WORK TO COMPLETE:
Only one stretch of the data below is wanted: the lines from the one with "schlafen gehen Um" through the one with "PSI 20 é o principal", repeated exactly.

(Recorded data)
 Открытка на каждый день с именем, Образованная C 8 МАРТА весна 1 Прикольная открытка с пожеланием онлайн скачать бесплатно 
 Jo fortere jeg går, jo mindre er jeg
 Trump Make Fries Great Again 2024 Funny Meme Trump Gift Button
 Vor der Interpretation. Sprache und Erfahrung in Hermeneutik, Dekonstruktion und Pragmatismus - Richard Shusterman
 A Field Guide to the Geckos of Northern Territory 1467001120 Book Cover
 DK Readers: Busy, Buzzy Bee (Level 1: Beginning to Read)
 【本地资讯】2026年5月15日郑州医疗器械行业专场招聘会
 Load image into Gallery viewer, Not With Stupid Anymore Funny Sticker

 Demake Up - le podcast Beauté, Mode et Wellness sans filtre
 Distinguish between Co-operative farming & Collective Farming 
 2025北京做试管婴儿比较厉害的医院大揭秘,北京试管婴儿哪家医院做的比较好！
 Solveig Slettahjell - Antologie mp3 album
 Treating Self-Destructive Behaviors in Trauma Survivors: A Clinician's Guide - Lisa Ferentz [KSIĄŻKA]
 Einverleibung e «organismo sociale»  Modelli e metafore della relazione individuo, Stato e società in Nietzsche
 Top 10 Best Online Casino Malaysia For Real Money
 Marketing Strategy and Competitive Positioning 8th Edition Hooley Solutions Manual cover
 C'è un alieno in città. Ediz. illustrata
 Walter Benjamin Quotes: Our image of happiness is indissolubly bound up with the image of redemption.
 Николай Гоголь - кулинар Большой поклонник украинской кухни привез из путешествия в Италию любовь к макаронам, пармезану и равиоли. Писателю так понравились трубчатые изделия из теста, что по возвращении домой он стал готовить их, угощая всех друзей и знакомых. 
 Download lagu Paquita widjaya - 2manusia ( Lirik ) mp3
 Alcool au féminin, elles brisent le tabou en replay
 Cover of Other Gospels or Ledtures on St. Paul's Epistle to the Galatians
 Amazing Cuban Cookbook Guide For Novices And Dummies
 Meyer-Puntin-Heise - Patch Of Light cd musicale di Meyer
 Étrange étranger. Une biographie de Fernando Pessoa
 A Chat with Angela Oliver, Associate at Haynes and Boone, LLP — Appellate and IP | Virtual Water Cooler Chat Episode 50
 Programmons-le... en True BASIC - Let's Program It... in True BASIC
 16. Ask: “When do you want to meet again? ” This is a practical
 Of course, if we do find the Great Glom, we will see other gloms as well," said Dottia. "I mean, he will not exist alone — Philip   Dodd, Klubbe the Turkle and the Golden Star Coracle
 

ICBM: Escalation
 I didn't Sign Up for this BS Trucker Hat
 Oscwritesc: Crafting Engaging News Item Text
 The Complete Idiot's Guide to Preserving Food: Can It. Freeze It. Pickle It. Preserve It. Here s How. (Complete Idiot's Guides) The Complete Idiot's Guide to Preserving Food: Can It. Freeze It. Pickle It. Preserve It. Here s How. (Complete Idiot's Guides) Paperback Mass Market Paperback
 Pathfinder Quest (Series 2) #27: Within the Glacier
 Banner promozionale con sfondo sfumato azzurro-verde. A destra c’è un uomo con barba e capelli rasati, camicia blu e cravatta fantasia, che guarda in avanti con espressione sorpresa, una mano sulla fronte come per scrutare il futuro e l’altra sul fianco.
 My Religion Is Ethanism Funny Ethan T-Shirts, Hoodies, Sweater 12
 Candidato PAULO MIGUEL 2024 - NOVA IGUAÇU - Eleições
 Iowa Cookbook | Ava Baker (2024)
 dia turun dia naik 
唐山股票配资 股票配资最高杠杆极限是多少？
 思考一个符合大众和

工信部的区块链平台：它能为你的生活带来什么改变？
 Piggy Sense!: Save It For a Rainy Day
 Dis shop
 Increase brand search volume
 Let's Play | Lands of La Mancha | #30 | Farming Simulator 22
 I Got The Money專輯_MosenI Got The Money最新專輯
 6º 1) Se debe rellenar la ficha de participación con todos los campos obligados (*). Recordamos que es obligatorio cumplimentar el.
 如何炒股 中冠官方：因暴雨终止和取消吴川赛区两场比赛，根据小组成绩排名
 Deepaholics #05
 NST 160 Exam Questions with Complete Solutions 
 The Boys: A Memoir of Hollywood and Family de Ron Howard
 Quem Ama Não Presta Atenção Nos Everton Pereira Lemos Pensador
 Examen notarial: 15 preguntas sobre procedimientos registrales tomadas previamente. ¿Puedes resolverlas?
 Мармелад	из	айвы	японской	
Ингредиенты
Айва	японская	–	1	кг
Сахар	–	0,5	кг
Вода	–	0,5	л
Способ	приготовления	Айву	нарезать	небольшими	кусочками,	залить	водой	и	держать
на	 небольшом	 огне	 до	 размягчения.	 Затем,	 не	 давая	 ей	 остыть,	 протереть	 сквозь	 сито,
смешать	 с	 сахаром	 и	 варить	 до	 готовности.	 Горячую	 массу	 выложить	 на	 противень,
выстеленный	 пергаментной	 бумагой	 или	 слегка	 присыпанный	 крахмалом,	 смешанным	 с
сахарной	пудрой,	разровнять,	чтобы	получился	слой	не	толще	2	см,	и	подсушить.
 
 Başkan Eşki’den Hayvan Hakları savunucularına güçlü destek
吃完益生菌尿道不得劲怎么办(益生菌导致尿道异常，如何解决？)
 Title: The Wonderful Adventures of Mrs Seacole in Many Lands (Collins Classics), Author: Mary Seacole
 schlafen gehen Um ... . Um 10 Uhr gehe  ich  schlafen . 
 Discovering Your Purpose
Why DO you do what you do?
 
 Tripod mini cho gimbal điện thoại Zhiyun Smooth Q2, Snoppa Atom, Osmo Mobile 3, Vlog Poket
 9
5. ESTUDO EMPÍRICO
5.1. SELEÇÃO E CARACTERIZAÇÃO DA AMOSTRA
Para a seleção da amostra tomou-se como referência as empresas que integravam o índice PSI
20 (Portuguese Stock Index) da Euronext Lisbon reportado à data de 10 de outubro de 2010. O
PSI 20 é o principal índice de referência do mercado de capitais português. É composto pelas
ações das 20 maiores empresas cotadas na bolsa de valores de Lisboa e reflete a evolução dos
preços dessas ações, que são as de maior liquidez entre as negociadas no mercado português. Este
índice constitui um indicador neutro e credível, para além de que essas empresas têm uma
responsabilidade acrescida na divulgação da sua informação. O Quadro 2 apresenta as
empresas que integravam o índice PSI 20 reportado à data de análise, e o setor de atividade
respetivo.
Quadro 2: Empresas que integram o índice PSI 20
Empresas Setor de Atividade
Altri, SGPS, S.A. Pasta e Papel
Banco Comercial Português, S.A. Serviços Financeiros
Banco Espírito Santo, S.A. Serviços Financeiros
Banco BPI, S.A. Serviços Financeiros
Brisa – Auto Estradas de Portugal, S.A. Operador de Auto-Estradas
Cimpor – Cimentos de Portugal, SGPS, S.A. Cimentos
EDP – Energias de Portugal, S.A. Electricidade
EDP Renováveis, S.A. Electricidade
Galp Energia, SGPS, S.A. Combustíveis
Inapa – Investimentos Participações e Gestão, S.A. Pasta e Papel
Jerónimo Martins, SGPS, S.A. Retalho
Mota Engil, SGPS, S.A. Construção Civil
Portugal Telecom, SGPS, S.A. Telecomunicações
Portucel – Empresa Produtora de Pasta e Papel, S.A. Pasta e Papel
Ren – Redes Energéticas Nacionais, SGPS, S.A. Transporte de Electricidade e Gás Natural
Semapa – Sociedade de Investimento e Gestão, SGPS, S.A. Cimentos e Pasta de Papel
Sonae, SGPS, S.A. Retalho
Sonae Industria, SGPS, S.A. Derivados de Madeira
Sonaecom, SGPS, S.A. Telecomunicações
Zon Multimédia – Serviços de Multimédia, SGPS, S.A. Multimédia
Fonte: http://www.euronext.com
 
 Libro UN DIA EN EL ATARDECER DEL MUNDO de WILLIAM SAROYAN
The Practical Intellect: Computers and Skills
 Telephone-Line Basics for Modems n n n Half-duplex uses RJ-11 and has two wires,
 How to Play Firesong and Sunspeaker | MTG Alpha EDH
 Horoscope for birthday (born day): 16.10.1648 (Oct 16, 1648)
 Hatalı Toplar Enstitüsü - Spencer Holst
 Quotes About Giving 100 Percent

RESULT:
 schlafen gehen Um ... . Um 10 Uhr gehe  ich  schlafen . 
 Discovering Your Purpose
Why DO you do what you do?
 
 Tripod mini cho gimbal điện thoại Zhiyun Smooth Q2, Snoppa Atom, Osmo Mobile 3, Vlog Poket
 9
5. ESTUDO EMPÍRICO
5.1. SELEÇÃO E CARACTERIZAÇÃO DA AMOSTRA
Para a seleção da amostra tomou-se como referência as empresas que integravam o índice PSI
20 (Portuguese Stock Index) da Euronext Lisbon reportado à data de 10 de outubro de 2010. O
PSI 20 é o principal índice de referência do mercado de capitais português. É composto pelas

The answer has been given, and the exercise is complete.